▶ How to complete this task: Pictures do not belong in your copy. Repeat all the other data exactly.

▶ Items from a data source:
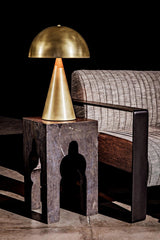 Skuba Metal Table Lamp With Brass Finish-Table Lamps-Noir-LOOMLAN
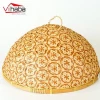 Bamboo string fruit basket with bamboo cover serving tray with bamboo cover food protection basket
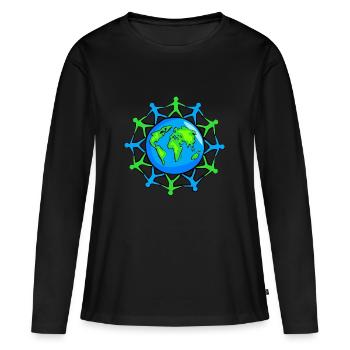 World community - Women's Premium Organic Long Sleeve Shirt - black - Front - Julia (174cm)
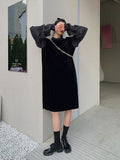 kamames Black Velvet Puff Sleeve Vintage Long Dress Women 2021 Spring Autumn Side Split Ruffle Neck Long Sleeve Ladies Dress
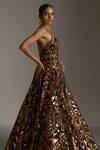 Shop_Seema Gujral_Brown Net Geometric Plunge V Neck Sequin Work Flared Gown_Online_at_Aza_Fashions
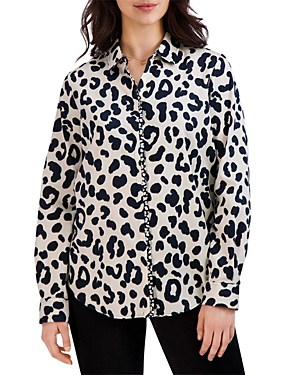 Shop Foxcroft Charlie Cheetah Long Sleeve Shirt In Black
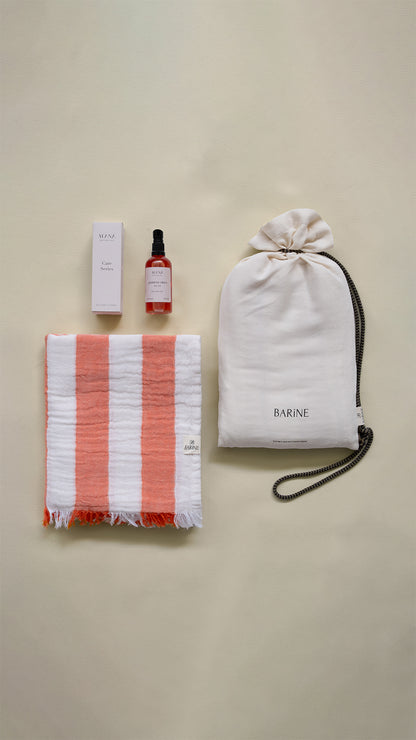 Striped Gauze Peshtemal Gift Set Coral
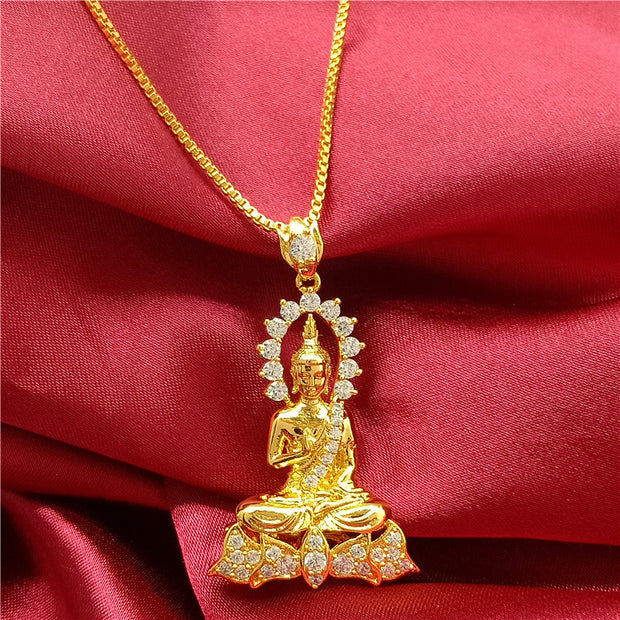 Gold Garden Buddha Pendant Necklace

▶ Task response:
 Skuba Metal Table Lamp With Brass Finish-Table Lamps-Noir-LOOMLAN
 Bamboo string fruit basket with bamboo cover serving tray with bamboo cover food protection basket
 World community - Women's Premium Organic Long Sleeve Shirt - black - Front - Julia (174cm)
 kamames Black Velvet Puff Sleeve Vintage Long Dress Women 2021 Spring Autumn Side Split Ruffle Neck Long Sleeve Ladies Dress
 Shop_Seema Gujral_Brown Net Geometric Plunge V Neck Sequin Work Flared Gown_Online_at_Aza_Fashions
 Shop Foxcroft Charlie Cheetah Long Sleeve Shirt In Black
 Striped Gauze Peshtemal Gift Set Coral
 Gold Garden Buddha Pendant Necklace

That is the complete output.